The SEC alleges that through the actions of Ashman, Alwine, and Barnett, TheStreet improperly recognized revenue based on sham transactions, and used the percentage-of-completion method of revenue recognition without meeting fundamental prerequisites to do so, including reliably estimating and documenting progress toward the completion of relevant contracts. The SEC also accused the company of prematurely recognized revenue when the subsidiary had not performed actual work and therefore had not really earned the revenue. 
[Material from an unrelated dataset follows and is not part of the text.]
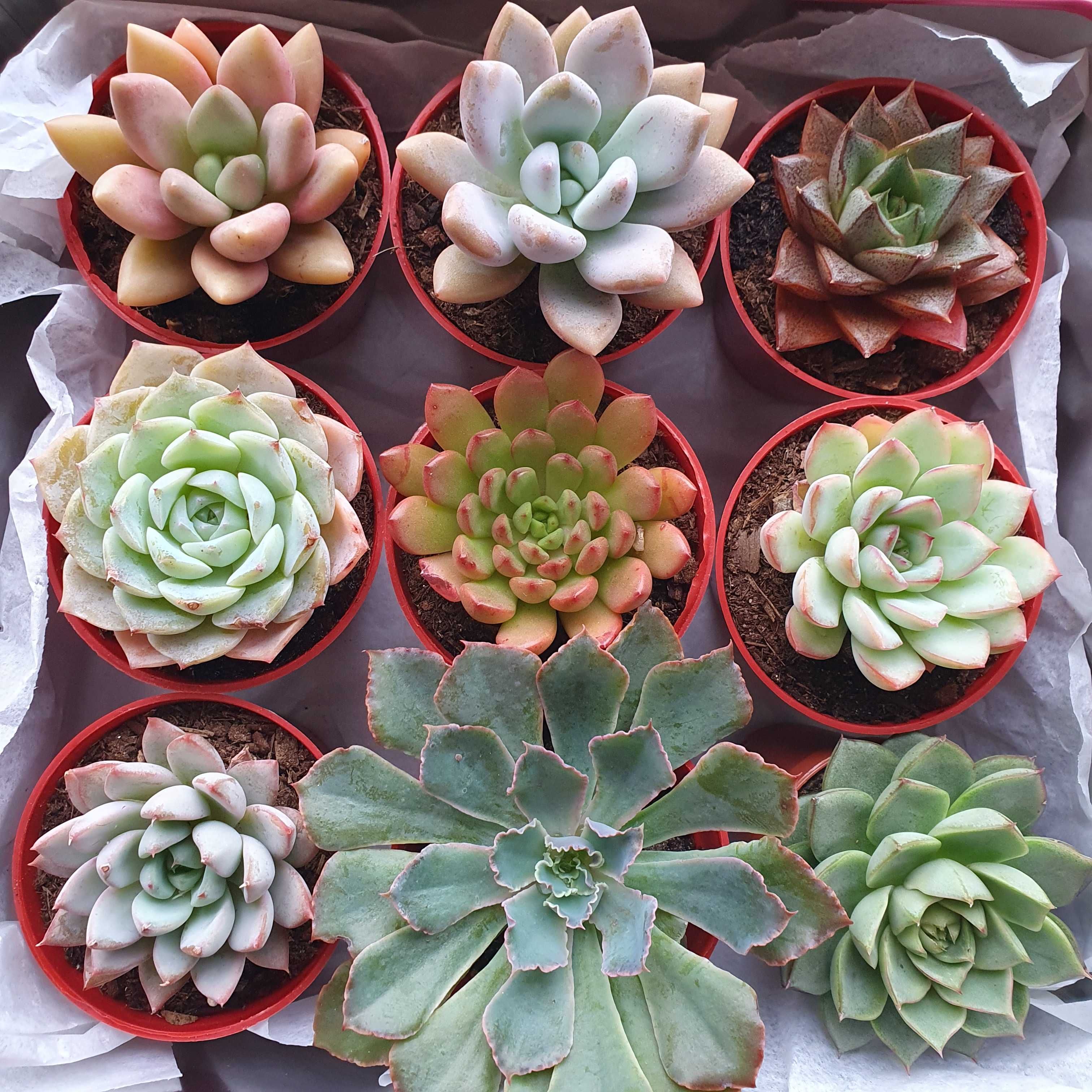 Caixa com suculentas echeverias, conjunto 9 peças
According to the SEC’s complaint, when the subsidiary’s financial results were consolidated with TheStreet’s financial results for financial reporting purposes, the improper revenue on the subsidiary’s books resulted in material misstatements in the company’s quarterly and annual reports for fiscal year 2008. On Feb. 8, 2010, TheStreet restated its 2008 Form 10-K and disclosed a number of improprieties related to revenue recognition at its subsidiary, including transactions that lacked economic substance, internal control deficiencies, and improper accounting for certain contracts. 

Ashman agreed to pay a $125,000 penalty and reimburse TheStreet $34,240.40 under the clawback provision (Section 304) of the Sarbanes-Oxley Act, and he will be barred from acting as a director or officer of a public company for three years. 

Barnett and Alwine agreed to pay penalties of $130,000 and $120,000 respectively, and to be barred from serving as officers or directors of a public company for 10 years.  Without admitting or denying the allegations, the three executives and TheStreet agreed to be permanently enjoined from future violations of the federal securities laws.